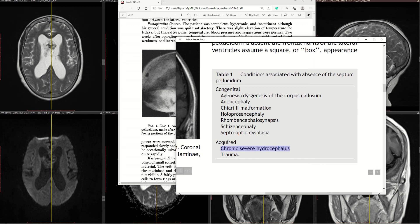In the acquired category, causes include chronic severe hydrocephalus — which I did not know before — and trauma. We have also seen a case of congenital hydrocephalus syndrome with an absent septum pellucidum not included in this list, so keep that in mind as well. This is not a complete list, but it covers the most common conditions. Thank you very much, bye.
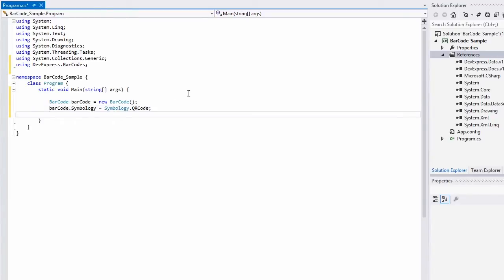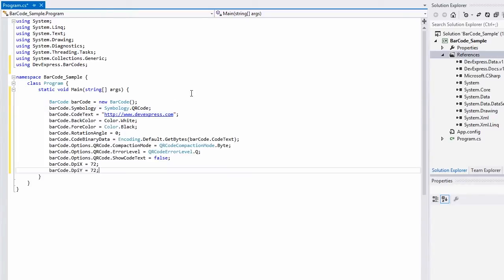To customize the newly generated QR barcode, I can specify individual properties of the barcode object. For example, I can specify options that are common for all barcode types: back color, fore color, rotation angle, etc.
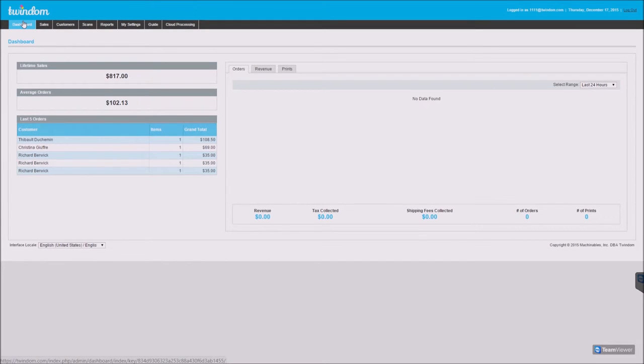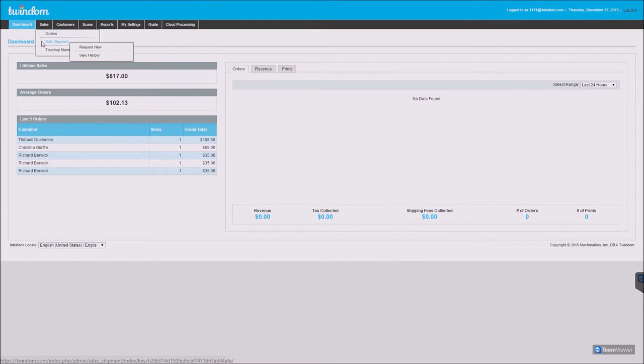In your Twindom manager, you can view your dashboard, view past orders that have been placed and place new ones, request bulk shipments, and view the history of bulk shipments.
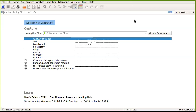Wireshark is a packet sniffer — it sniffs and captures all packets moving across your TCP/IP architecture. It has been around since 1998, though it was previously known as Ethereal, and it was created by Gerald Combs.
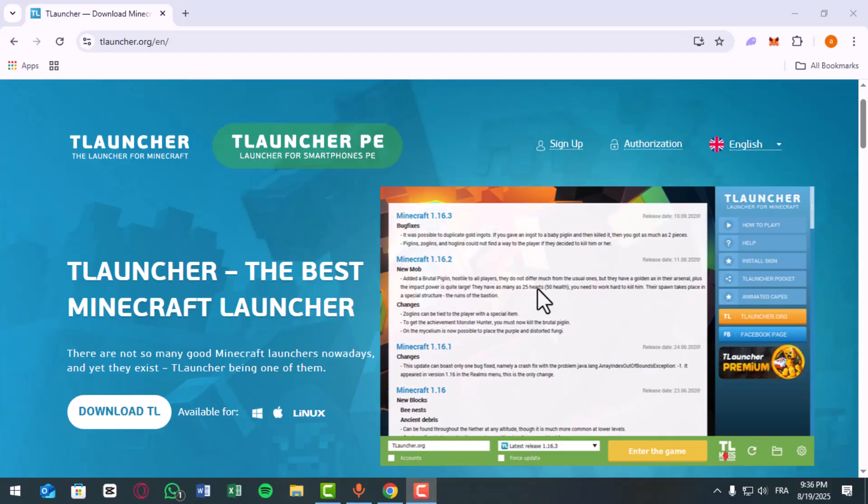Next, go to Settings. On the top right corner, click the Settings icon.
◇ ◇ ◇ ◇
TASK ITEM ->
Begin with the line that contains "To customize the" and copy every line through the end of the listing, exactly as written, both ends included. Pictures are not part of the copy.

OUTPUT OF THE TASK ->
To customize the newly generated QR barcode, I can specify individual properties of the barcode object. For example, I can specify options that are common for all barcode types: back color, fore color, rotation angle, etc.
In your Twindom manager, you can view your dashboard, view past orders that have been placed and place new ones, request bulk shipments, and view the history of bulk shipments.
Wireshark is a packet sniffer — it sniffs and captures all packets moving across your TCP/IP architecture. It has been around since 1998, though it was previously known as Ethereal, and it was created by Gerald Combs.
Next, go to Settings. On the top right corner, click the Settings icon.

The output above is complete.